A similar type of life insurance, variable universal life insurance, combines features of universal life and variable life insurance. These policies offer cash value investment options with adjustable premiums and death benefits.
Burial Life Insurance
Burial life insurance is permanent life insurance that helps your loved ones or dependents cover your funeral costs after passing away. Also called final expense or funeral life insurance, this coverage has a smaller death benefit than many other types of life insurance.
For example, death benefit options might only range from $5,000 to $25,000. Smaller death benefit amounts of final expense coverage are intended only to cover your final expenses, like the cost of a casket, cremation or funeral services.
Burial life insurance is one of the most affordable types of permanent life insurance. However, the cost-to-benefit ratio may make a burial policy comparatively more expensive than other types of life insurance.
As a type of permanent life insurance, funeral life insurance usually has a small cash value component. Most policies don’t last long enough or have high enough face value to build enough cash for withdrawals.
The purpose of a burial life insurance policy isn’t to build long-term cash value, however. Final expense insurance is generally beneficial for seniors or others in poor health to help their loved ones cover funeral expenses.
Burial policies are often no-exam life insurance, meaning an insurance company won’t require medical underwriting to secure coverage. No-exam insurance makes getting life insurance easier for someone with failing health. However, burial life insurance companies typically restrict death benefit payouts depending on when the insured person passes away.
For example, if you pass away within the first three years of getting a burial insurance policy, your beneficiaries may receive a reduced death benefit.
Mortgage Life Insurance
Mortgage life insurance is a unique type of term life insurance that helps your loved ones cover your mortgage payments if you pass away. As a term life insurance product, mortgage life insurance policies don’t have a cash value component.
Unlike traditional term insurance policies, however, mortgage life insurance isn’t tied to your age or a set number of years. Instead, mortgage life insurance policies last as long as your mortgage is active. The term ends when you pay off the mortgage.
Additionally, the death benefit of a mortgage life insurance policy is the remaining balance of your mortgage. You can also choose to insure only a portion of your mortgage balance.

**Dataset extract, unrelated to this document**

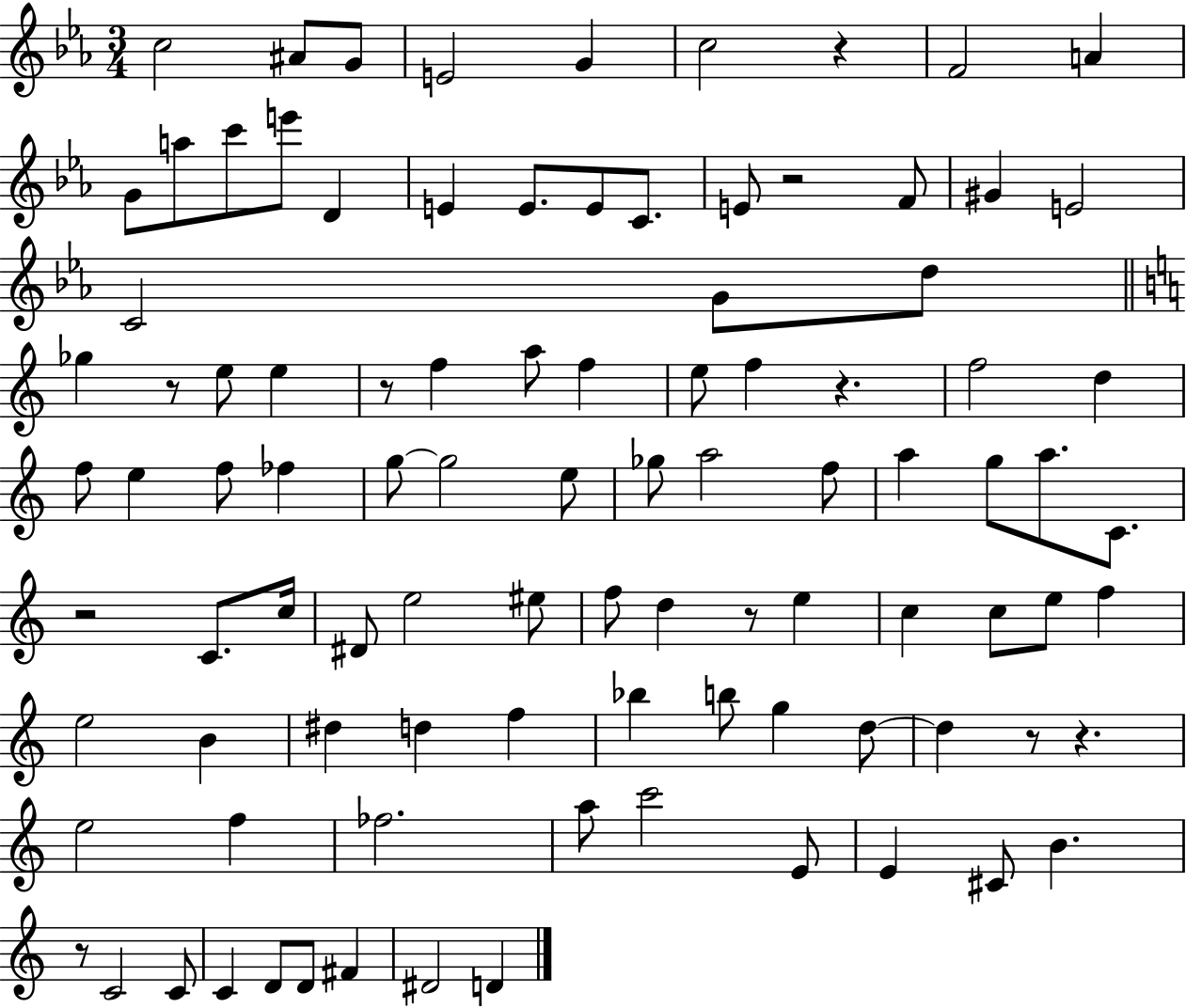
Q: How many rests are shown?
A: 10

As you pay down your home loan balance, the death benefit of the policy goes down as well. For example, you take out a mortgage life insurance policy with a $200,000 death benefit, which is the balance of your mortgage. If you pay down $50,000 of your mortgage balance, your death benefit is now $150,000.
Unlike most types of life insurance, mortgage life insurance coverage doesn’t pay the death benefit to your loved ones. This type of policy pays the death benefit directly to the mortgage company.

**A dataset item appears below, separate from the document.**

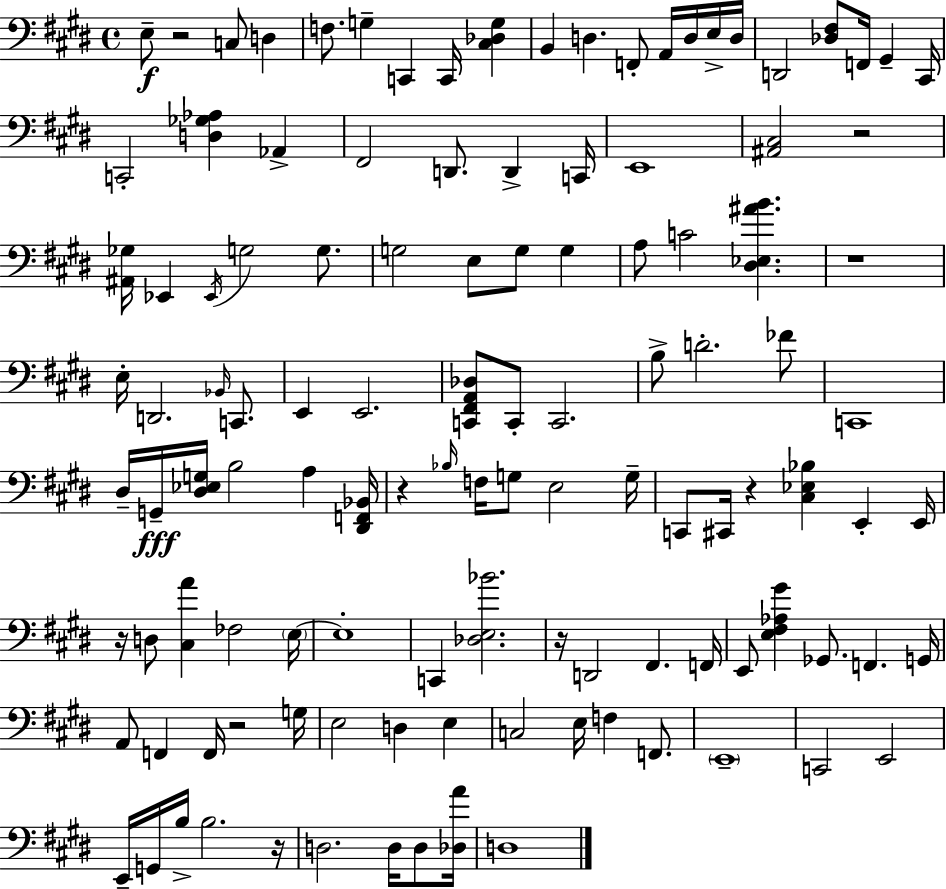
E3/e R/h C3/e D3/q F3/e. G3/q C2/q C2/s [C#3,Db3,G3]/q B2/q D3/q. F2/e A2/s D3/s E3/s D3/s D2/h [Db3,F#3]/e F2/s G#2/q C#2/s C2/h [D3,Gb3,Ab3]/q Ab2/q F#2/h D2/e. D2/q C2/s E2/w [A#2,C#3]/h R/h [A#2,Gb3]/s Eb2/q Eb2/s G3/h G3/e. G3/h E3/e G3/e G3/q A3/e C4/h [D#3,Eb3,A#4,B4]/q. R/w E3/s D2/h. Bb2/s C2/e. E2/q E2/h. [C2,F#2,A2,Db3]/e C2/e C2/h. B3/e D4/h. FES4/e C2/w D#3/s G2/s [D#3,Eb3,G3]/s B3/h A3/q [D#2,F2,Bb2]/s R/q Bb3/s F3/s G3/e E3/h G3/s C2/e C#2/s R/q [C#3,Eb3,Bb3]/q E2/q E2/s R/s D3/e [C#3,A4]/q FES3/h E3/s E3/w C2/q [Db3,E3,Bb4]/h. R/s D2/h F#2/q. F2/s E2/e [E3,F#3,Ab3,G#4]/q Gb2/e. F2/q. G2/s A2/e F2/q F2/s R/h G3/s E3/h D3/q E3/q C3/h E3/s F3/q F2/e. E2/w C2/h E2/h E2/s G2/s B3/s B3/h. R/s D3/h. D3/s D3/e [Db3,A4]/s D3/w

Most people who choose mortgage life insurance policies do so to protect their loved ones from an expensive mortgage payment if they unexpectedly pass away. In addition, many mortgage life policies don’t require a medical exam.

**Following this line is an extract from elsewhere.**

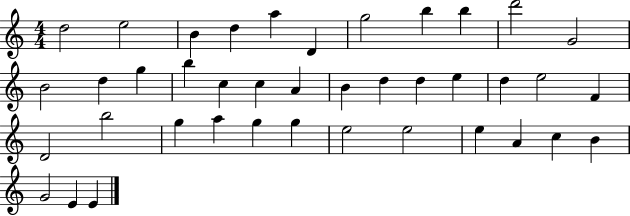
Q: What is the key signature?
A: C major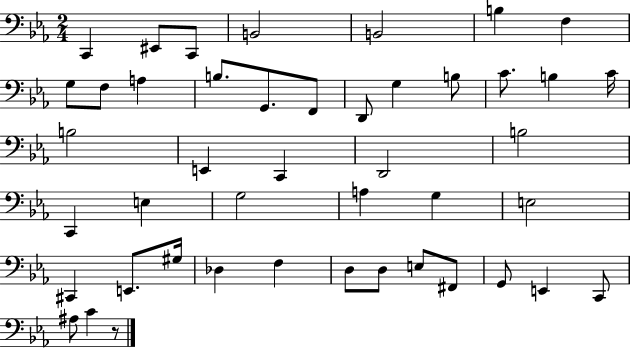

For instance, suppose you are the sole earner of your family and are facing serious health issues. If you pass away, you know your spouse cannot cover the cost of the mortgage, but you don’t want them to have to sell the house. You might worry you won’t qualify for other types of life insurance due to your health problems.
A mortgage life insurance policy lets you get coverage to pay off the mortgage without worrying about being denied coverage due to your health.